● What you will do
The full set of lines below has to be duplicated exactly, with no picture kept.

● Record set
Segment Open

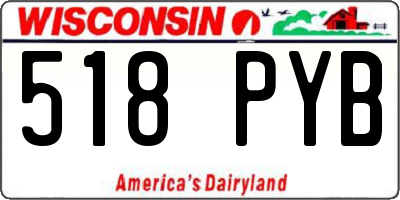 WI license plate 518PYB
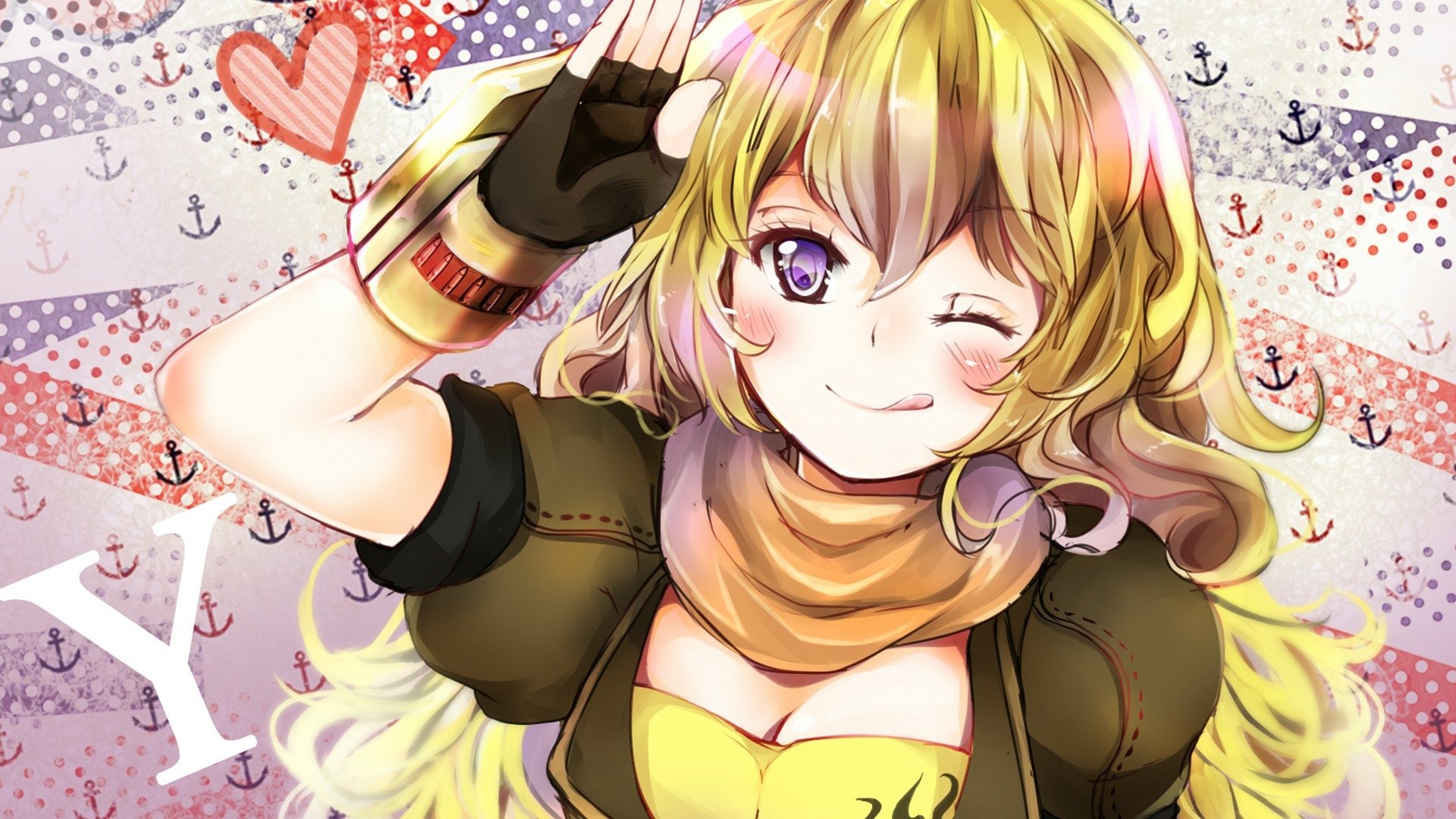 Download Yang Xiao Long Anime RWBY HD Wallpaper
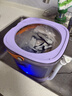 拜飞内衣内裤洗衣机自动洗脱一体迷你小型家用婴儿专用洗袜子神器内裤清洗机懒人洗衣机 升级款薰衣草紫【蓝光+CLE深度清洁+低音静洗】 实拍图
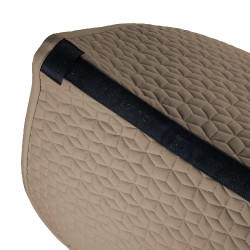 Manta de doma Equestro acolchada en cubos Nuez Marrón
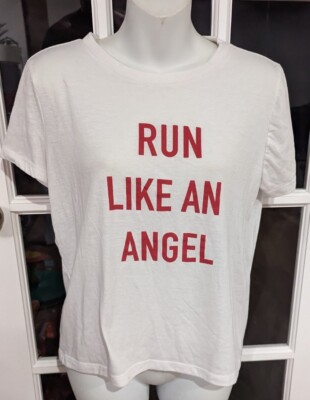 Women’s Size Medium Victoria Secret Sport White and Red T-Shirt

Segment Closed

● Response
 WI license plate 518PYB
 Download Yang Xiao Long Anime RWBY HD Wallpaper
 拜飞内衣内裤洗衣机自动洗脱一体迷你小型家用婴儿专用洗袜子神器内裤清洗机懒人洗衣机 升级款薰衣草紫【蓝光+CLE深度清洁+低音静洗】 实拍图
 Manta de doma Equestro acolchada en cubos Nuez Marrón
 Women’s Size Medium Victoria Secret Sport White and Red T-Shirt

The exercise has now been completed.